With how much the world has fallen in love with Marvel over the better part of a decade thanks to their Cinematic Universe, we still wouldn’t have any games from them to play if not for Lego Marvel Super Heroes and Lego Marvel’s The Avengers. There’s so much potential from any number of Marvel properties to give a Mordor or an Arkham a run for their money: Captain America, Iron Man, X-Men, The Avengers, Guardians of the Galaxy and yet all we see are mobile game after mobile game. The people who grew up with these characters are now making the games we play so why Marvel/Disney isn’t reaching out to make even more money than they already are from what they own is beyond me.
A possible reason maybe the worry that some of these franchise opportunities may bottom out, for as popular as a hero like Iron Man has been since 2008, he was more or less a C-list character in the eyes of non-comic reading fans until Robert Downey Jr. breathed life into Tony Stark on the big screen, the same can be said of Thor and Captain America. That doesn’t excuse things like Spider-Man or the X-Men who have experienced increased popularity/awareness due to a steady stream of toys, films and animated series.
Mordor is in a unique position in that it has been popular among readers for decades and has been introduced recently to an entire new audience thanks to the Lord of the Rings and The Hobbit films from Peter Jackson. It’s also lucky to fall under publisher WB Games who, as evidenced by Batman: Arkham Knight’s lengthy delay, see more value in creating an excellent game over rushing something out under cooked to meet a film tie-in date.

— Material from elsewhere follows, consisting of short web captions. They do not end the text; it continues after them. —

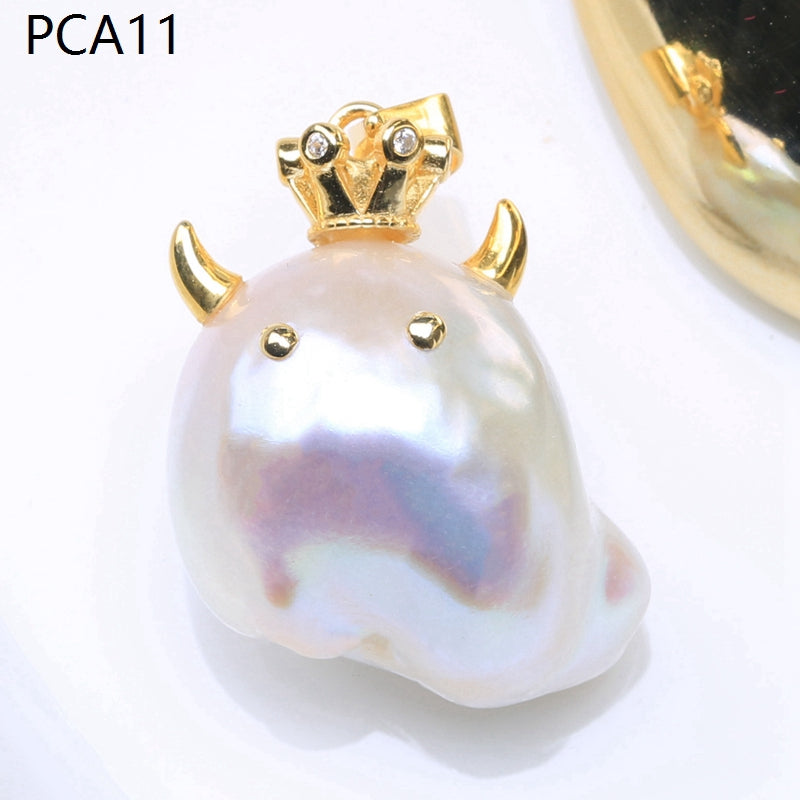 Lindo collar con colgante de perlas barrocas grandes para niños en oro de 14 k sobre plata de ley (16-18 mm)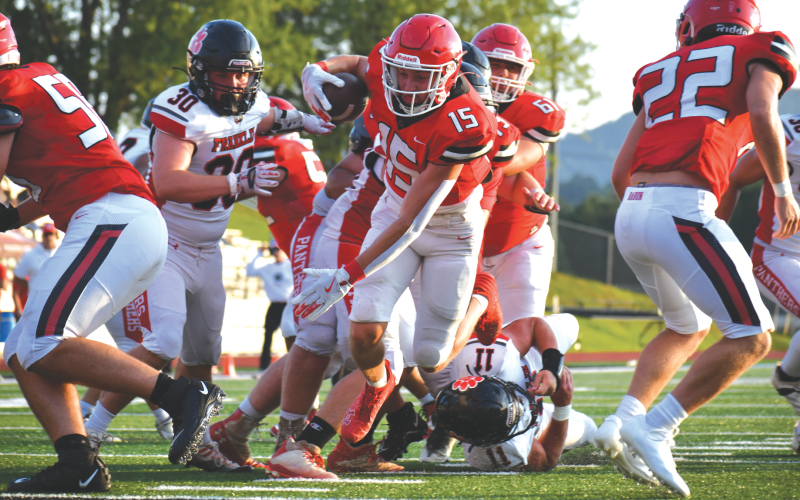 Wade Cheek/The Clayton Tribune. Rabun County junior running back Reid Giles takes it into the end zone at home on Aug. 9 during the jamboree against visiting Franklin (N.C.) High School. The Wildcats would claim the victory in preparation for the regular-season opener at White County on Aug. 16.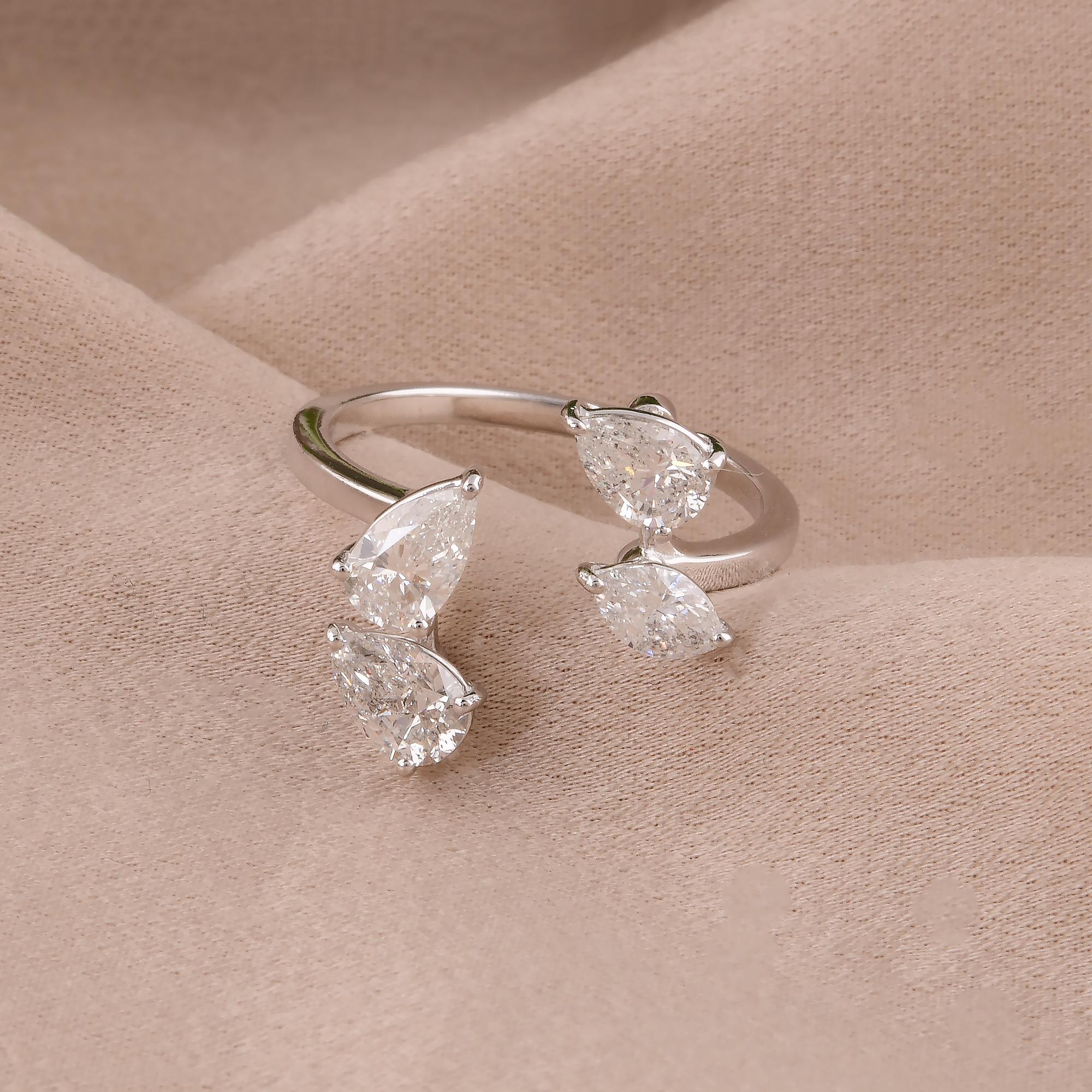 The diamond is expertly set in a sleek cuff-style band, crafted to wrap around the finger with effortless grace. The cuff design adds a modern twist to the classic solitaire ring, creating a bold and contemporary look that is sure to turn heads and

The take away from the 2015 DICE awards is that licensed games need no longer be something to be feared and instead revered like any other type of game that can redefine how we play games. There will always be companies who will exploit a license for short-term gain to capitalize on what’s popular now, but for anyone who’s looking to make the next big thing in gaming, look now further than WB’s success with Batman and Mordor as a shining beacon of how the long game pays off in not only dollars, but prestige from the gaming industry as a whole.